Hint: Suppose a system of linear equations $ ax + by + c = 0 $ and $ dx + ey + g = 0 $ , so it will have a unique solution if the two lines represented by the both equations intersect at a point. So, if the two lines are neither parallel nor coincident then the slopes of the two lines should be different.
So, the slopes of the two equations are $ - \frac{a}{b} $ and $ - \frac{d}{e} $ $ \to \left[ { - \frac{a}{b} \ne - \frac{d}{e}} \right] $
If a system of linear equations has a unique solution, therefore the determinant of the coefficient matrix is non-zero.

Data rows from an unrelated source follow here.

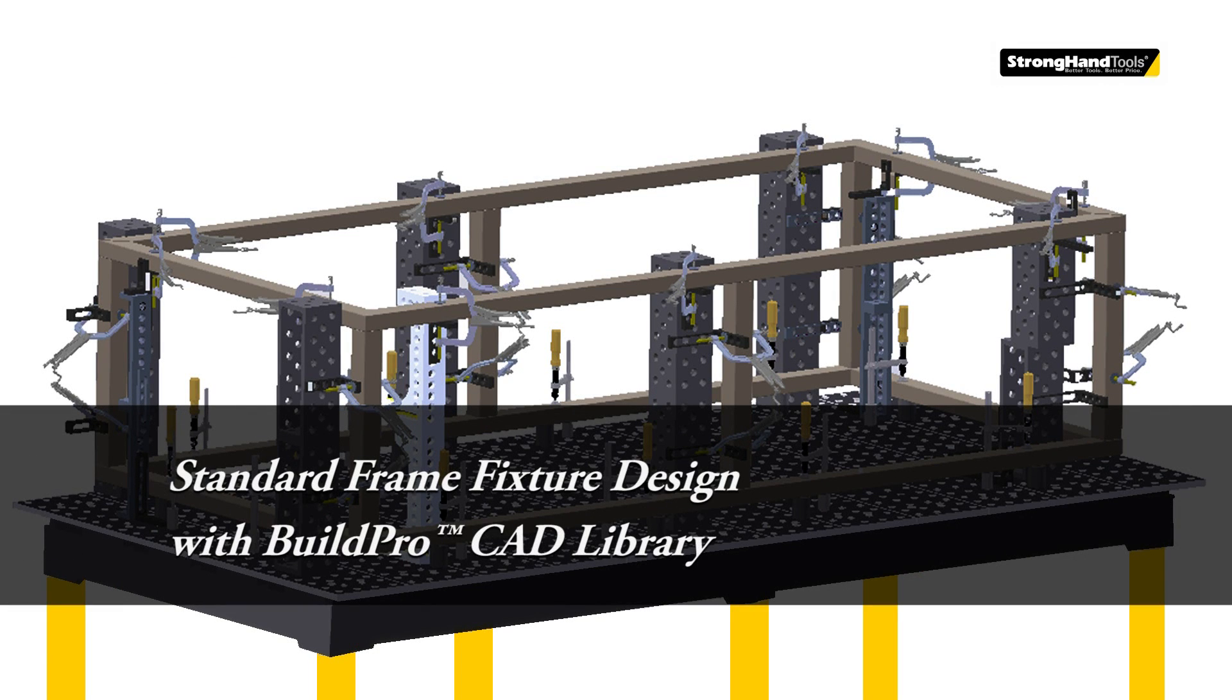Let's get started designing a welding fixture on the BuildPro table for a standard frame using square tubing. This is the third video in a three-part CAD video series.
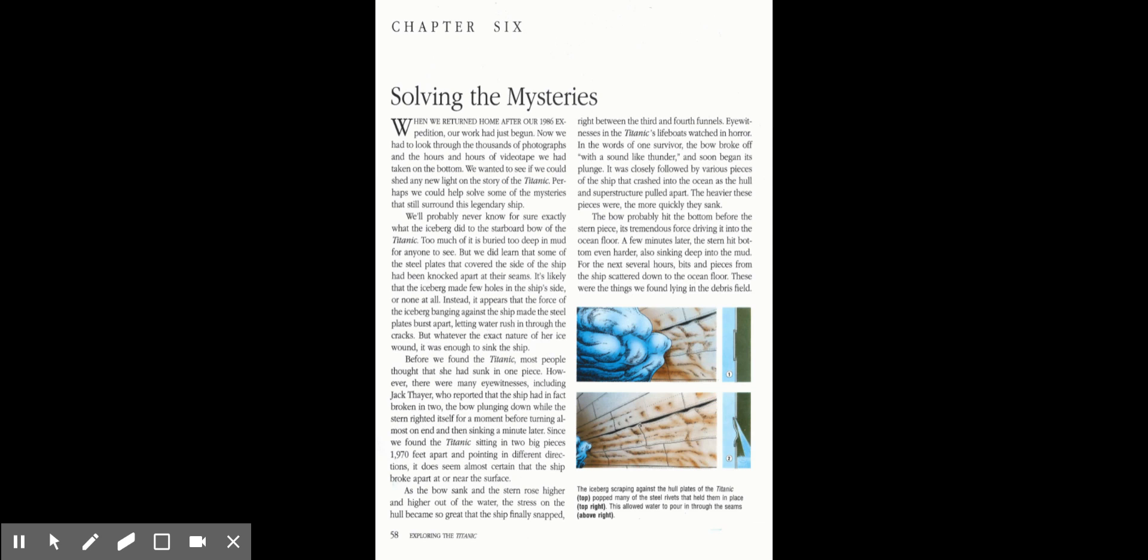Before we found the Titanic, most people thought that she had sunk in one piece. However, there were many eyewitnesses, including Jack Thayer, who reported that the ship had in fact broken in two, the bow plunging down while the stern righted itself for a moment before turning almost on end and then sinking a minute later. Since we found the Titanic sitting in two big pieces, 1,970 feet apart and pointing in almost different directions, it does seem almost certain that the ship broke apart at or near the surface.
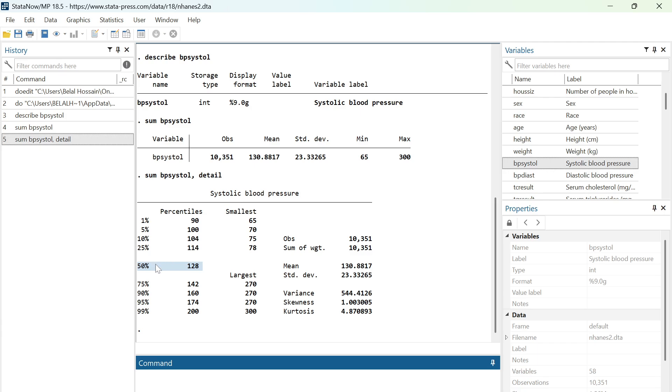the other 50% have above this value of systolic blood pressure. They have more than 128 systolic blood pressure.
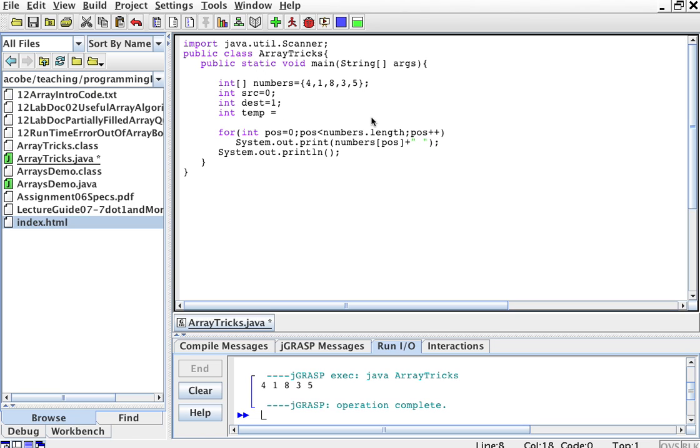The way to swap those things is I'm going to create also a temp, which is going to be numbers subsource. That is numbers sub 0, right? Because source is 0.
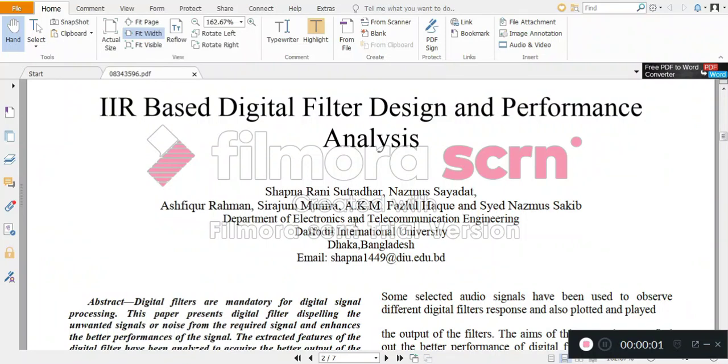Our project title is IIR based digital filter design and performance analysis. We are going for digital signal processing.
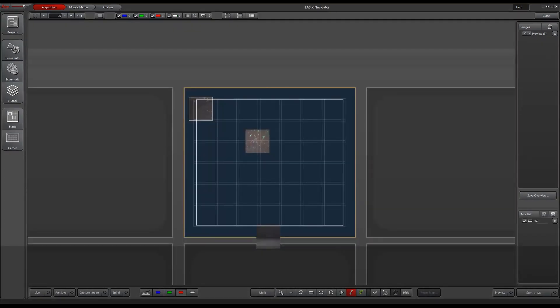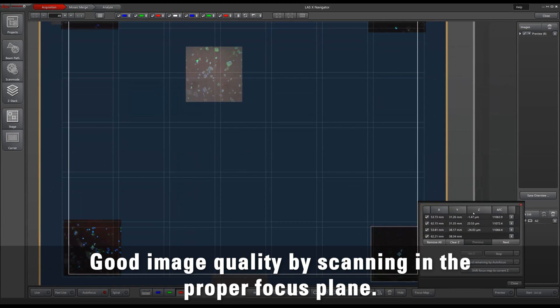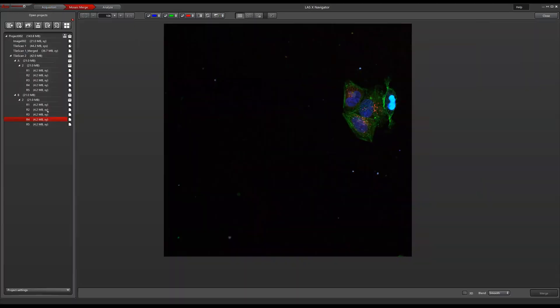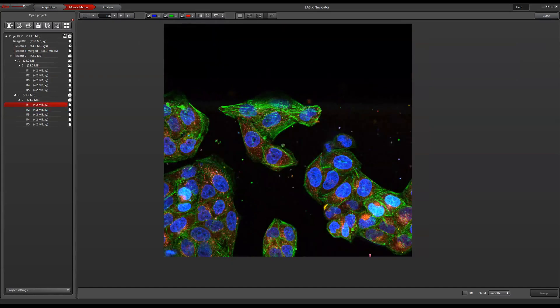For specimens with tilted surfaces, you can create a focus map by defining focus points. The autofocus tool ensures that you achieve high quality images.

Complete step-by-step solution:
So, we can write for system of the linear equation which is given in the question,
 $ \left[ A \right] = \left( {\begin{array}{*{20}{c}}
  1&1&1 \\
  2&1&{ - 1} \\
  3&2&k
\end{array}} \right) $
  $ \left[ B \right] = \left( \begin{gathered}
  2 \\
  3 \\
  4 \\
\end{gathered} \right) $
 $ \left[ X \right] = \left( \begin{gathered}
  x \\
  y \\
  z \\
\end{gathered} \right) $
 So, here the determination of $ \left[ A \right] $ is non-zero because the set of linear equations has a unique solution.
 $ \left| A \right| \ne 0 $
 $ \Rightarrow \left| {\begin{array}{*{20}{c}}
  1&1&1 \\
  2&1&{ - 1} \\
  3&2&k
\end{array}} \right| \ne 0 $
 $ \Rightarrow k + 2 - \left( {2k + 3} \right) + 1 \ne 0 $
 $ \Rightarrow k \ne 0 $
 So, this system has a unique solution for all the real values of $ k $ except $ 0 $ .
Thus, we can write $ k \in R - \left\{ 0 \right\} $ -

Hence, the answer will be option (B).

Note: To find the unique solution to a system of linear equations to a system of linear equations, we must find a numerical value for each variable in the system at the same time. In order for a linear system to have a unique solution, there must be at least as many equations as there are variables.